Moving average filtering (MAF) has two steps. The first is to establish a data queue and store the data in order—first in, first out. The data length is fixed to N. The algorithm implements data update by using a window of length N to store and retrieve data; the second is to calculate the average value. The filter output is always guaranteed to be the average of N updated data points.

When encountering a signal with interference, if the interference is random, arithmetic moving average filtering can be used. The advantage of this filtering method is its simplicity. It has a strong inhibitory effect on high-frequency oscillation. The disadvantage is that calculating the average will also calculate the impulse disturbance.

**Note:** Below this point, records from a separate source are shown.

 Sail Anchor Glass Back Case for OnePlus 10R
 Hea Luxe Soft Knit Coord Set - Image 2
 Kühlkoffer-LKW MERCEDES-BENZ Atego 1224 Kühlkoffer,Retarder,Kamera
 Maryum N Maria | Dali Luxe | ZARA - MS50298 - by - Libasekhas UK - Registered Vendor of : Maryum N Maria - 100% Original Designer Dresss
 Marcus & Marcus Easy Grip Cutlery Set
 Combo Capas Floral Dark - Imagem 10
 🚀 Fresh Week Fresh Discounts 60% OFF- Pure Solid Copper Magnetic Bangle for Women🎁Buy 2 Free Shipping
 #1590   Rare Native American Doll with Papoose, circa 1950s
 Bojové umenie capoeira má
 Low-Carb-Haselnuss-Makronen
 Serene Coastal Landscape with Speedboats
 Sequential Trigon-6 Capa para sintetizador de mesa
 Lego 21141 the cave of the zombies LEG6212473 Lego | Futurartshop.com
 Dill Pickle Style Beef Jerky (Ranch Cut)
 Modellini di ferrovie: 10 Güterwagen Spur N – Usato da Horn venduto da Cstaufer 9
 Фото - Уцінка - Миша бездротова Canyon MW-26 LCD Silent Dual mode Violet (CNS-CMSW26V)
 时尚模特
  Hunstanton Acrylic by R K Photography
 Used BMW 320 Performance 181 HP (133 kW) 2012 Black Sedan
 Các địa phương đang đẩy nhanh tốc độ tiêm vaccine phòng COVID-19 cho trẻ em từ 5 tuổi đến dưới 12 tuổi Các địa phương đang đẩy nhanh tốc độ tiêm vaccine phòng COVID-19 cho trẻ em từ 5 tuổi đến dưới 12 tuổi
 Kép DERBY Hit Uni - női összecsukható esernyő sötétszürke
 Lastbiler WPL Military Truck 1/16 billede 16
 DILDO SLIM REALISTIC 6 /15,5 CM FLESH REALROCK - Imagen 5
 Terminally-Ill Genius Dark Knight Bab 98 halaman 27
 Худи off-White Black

The algorithm has low sensitivity and accuracy, which come at the expense of memory. In general, the effect of the filter is also different when N is different. The larger the N, the larger the amount of data required and the better the smoothness. At the same time, the lower the memory, the higher the sensitivity. The moving average filter formula is as follows:

$$\overline{z}=\frac{1}{N}{\displaystyle \sum }_{i=1}^N{z}_i$$

(3)

where $\overline{z}$ is the arithmetic mean of N sampled values and $z_i$ is the ith sampled value.

3.2. Particle Filter

Particle filter (PF) achieves the Bayesian estimation filter in another form through the nonparametric Monte Carlo simulation method. Particle filter describes prior and posterior information in time domain in the form of samples, not functions. The sample form adopted is called the sampling point, also called “particle”.

The algorithm approximately estimates the actual probability distribution by adjusting the proportion of each “particle” weight and the position of sample collection. When the number of samples collected approaches infinity, the function of posterior information probability density is basically the same as that of the Monte Carlo simulation. We believe that the two forms are statistically equivalent. At this time, the mean value of particles can be used as an estimate of the system. An optimal estimate is used to approximate nonlinearity. This method is not restricted by linear and Gaussian distribution in the field of mathematics. In principle, it can be used for the optimal estimation of the state of any nonlinear, non-Gaussian stochastic system.

The particle filter algorithm, as a whole, includes three steps: time update, observation update, and resampling. It is known that the weight of N sampled particles at k − 1 is 1/N. In the time updating phase, the state of each particle at time k is predicted by the state equation of the system. The weight $w_k^i$ of the particles is updated in the observation update stage, the weight of particles with significant weight is reset in the resampling stage, and the particle weight is reset to 1/N.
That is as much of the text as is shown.